Power management techniques are used for optimizing power consumption by exploiting hardware power saving features, e.g., clock and power gating or dynamic voltage and frequency scaling offered by most modern chips. However, activating a low power mode impacts system performances and may prevent achieving the desired quality of service (QoS). Several approaches have been provided in the art for balancing energy consumption and performances. However, most of these approaches do not reach the true optimum.
Furthermore, the prior art approaches may lead to a wrong view of the actual resource usage and availability if the resources are used in a competitive way by a plurality of entities. Consequently, this often leads to an incorrect configuration of the system. Moreover, if a hardware limit internal to the computer system is reached due to a high number of resource requests sent by different system entities, the system may behave in an incorrect way providing bad user experience.

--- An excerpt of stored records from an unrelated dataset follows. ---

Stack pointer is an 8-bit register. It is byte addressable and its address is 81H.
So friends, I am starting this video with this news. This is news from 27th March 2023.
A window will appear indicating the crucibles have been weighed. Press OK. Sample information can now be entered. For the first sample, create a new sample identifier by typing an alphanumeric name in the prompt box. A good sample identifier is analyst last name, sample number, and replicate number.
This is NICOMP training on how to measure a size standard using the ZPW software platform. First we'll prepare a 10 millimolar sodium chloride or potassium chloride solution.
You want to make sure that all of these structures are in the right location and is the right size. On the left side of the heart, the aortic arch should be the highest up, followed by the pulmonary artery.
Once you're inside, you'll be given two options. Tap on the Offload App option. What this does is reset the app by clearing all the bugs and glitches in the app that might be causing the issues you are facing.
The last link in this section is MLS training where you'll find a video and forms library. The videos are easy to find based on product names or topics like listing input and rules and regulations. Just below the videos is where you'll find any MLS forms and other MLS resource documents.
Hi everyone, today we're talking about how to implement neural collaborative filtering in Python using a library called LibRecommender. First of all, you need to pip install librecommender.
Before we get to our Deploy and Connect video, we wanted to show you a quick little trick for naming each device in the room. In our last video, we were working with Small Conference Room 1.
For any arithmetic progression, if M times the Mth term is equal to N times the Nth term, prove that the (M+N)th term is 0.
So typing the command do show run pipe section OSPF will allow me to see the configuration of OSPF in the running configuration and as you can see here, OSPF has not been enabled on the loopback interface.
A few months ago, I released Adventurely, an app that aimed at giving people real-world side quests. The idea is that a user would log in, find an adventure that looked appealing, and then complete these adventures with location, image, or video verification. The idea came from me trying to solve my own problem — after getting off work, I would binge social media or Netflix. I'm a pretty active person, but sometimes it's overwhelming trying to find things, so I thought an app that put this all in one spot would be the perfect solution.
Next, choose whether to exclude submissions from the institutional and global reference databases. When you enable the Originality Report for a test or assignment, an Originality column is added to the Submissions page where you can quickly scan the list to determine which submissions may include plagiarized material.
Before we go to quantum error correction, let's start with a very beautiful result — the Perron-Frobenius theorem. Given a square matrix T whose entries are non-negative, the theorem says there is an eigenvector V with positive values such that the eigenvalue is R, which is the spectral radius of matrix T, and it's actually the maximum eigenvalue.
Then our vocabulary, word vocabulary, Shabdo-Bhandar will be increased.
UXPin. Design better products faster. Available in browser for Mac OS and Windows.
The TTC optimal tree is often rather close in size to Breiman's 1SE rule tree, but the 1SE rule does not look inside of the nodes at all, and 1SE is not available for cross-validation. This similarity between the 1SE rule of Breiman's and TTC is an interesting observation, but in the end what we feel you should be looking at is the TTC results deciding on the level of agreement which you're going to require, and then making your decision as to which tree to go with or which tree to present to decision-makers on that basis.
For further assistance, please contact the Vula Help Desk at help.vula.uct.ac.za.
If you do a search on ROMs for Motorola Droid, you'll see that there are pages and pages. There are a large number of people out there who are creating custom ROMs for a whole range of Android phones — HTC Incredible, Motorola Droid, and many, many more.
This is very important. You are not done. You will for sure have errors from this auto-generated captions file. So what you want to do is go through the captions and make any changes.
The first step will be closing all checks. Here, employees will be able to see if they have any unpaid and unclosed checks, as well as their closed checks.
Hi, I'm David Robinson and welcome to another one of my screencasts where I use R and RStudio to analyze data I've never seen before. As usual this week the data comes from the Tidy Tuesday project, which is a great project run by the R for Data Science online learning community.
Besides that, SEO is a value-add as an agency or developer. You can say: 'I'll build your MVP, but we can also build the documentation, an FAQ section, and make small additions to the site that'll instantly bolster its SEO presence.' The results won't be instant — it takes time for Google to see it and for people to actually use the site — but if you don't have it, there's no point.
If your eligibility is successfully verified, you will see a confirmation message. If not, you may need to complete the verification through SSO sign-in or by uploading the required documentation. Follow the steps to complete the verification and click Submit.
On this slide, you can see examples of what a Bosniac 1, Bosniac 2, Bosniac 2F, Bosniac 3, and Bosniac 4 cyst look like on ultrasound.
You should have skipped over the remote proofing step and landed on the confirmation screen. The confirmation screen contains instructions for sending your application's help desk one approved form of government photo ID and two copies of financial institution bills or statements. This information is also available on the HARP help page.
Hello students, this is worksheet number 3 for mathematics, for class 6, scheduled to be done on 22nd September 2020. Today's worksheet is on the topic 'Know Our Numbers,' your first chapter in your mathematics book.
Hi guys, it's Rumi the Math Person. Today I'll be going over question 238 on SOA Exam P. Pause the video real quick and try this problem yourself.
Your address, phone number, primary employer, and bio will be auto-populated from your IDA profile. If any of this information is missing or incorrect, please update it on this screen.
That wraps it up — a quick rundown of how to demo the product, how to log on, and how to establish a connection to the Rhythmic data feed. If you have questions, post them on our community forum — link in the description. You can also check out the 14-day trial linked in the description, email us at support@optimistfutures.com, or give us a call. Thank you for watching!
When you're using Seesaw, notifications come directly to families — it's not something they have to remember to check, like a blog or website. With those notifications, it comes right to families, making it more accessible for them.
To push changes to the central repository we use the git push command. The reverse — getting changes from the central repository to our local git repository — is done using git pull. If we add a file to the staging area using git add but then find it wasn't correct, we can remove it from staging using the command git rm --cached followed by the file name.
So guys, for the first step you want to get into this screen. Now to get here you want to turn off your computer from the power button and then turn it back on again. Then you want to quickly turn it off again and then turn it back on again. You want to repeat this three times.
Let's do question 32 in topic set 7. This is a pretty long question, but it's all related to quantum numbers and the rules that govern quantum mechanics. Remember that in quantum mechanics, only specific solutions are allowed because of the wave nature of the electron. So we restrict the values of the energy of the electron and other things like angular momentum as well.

Additionally, prior art approaches may be unable to ensure that a required QoS level can be effectively provided. The systems work in a best effort way: a device defines a QoS expectation and hopes that other entities will fulfill it. In the case where one or more entities of the system fail in providing the requested QoS level, other entities which are not aware of this failure will nevertheless try to provide the requested QoS level, and, therefore, possibly consume more power, although the requested QoS level can not be reached anyhow because of the failure of the one or more entities to provide the requested QoS level. This situation may lead to a lack of optimization of the trade-off between performances and power consumption in the system.